Прошло пять лет, прежде чем я смог приступить к воплощению задуманного. Я взял кредит и пустился в долгие, изматывающие поиски, под слоем ржавчины пытаясь разглядеть мечту, и наконец нашел ее.
Предыдущий хозяин был из тех, кто улучшение возводит в принцип, доводя перфекционизм до идиотизма. Езде он предпочитал ковырянье под капотом, вольному воздуху — тесный гараж. Истратив на ремонт все сбережения, он не придумал ничего лучше, чем избавиться от баварской бестии и на вырученные деньги взять под реставрацию совсем уж бездыханный труп, целиком посвятив себя его оживлению. Во время осмотра он чутким мавром следовал за мною по пятам, вздыхая, всхлипывая, охая, едва ли не скуля. Он забывался, он рыдал на моем плече. Он называл ее “моя красавица”, трепетно поглаживая правое крыло, и так отчаянно заголосил, когда я прикоснулся к рулю, что пришлось отдернуть руку. О цвете в документах значилось “антрацит”, но мавр варил ее и перекрашивал, резал жабры и имплантировал движок, в итоге получив совсем другую BMW, по цвету схожую с “Порше Спайдером” Джеймса Дина. Еще неделя, и ревнивец заменил бы “гусиную лапку” леопардом, похерив раритет — легендарный узор обшивки, придуманный не то шотландцами, не то Коко Шанель, не то Конан Дойлом для крылатки Холмса. Пока они прощались, я деликатно вышел покурить, после чего Отелло отпустил нас вместе с 318i на все четыре стороны.

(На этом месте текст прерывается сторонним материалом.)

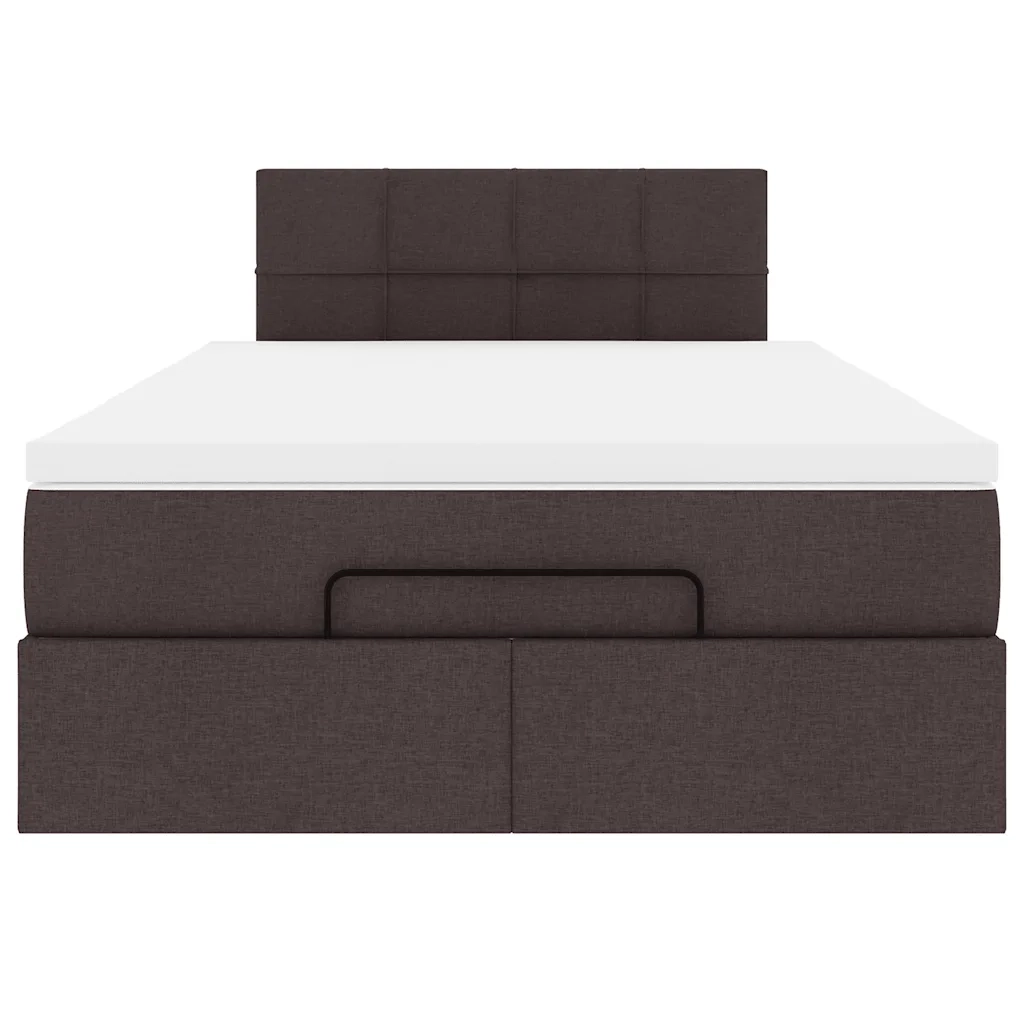 Pouf Letto con Materasso Marrone Scuro 120x200 cm in Tessuto 3311452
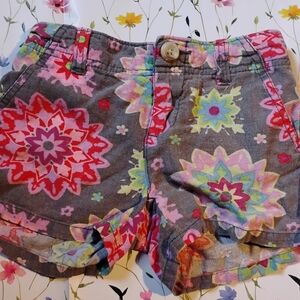 Old Navy Floral Pattern Gray Cotton Girls' Shorts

Мне нравилось, что она тоже восемьдесят четвертого года рождения. Я принимал ее безоговорочно, во всем породистом несовершенстве, со всеми капризами, вспышками ярости и приступами хандры. Любил ее запах, ее холодный, хищный, своевольный вид: точеный силуэт, острые грани, круглые глаза; любил даже ржавчину, что светилась из-под порогов и задних арок, пока ее не устранил ремонт. И если бы Ремедиос Варо увидела эту акулу в действии, она бы навсегда забросила гидравлику.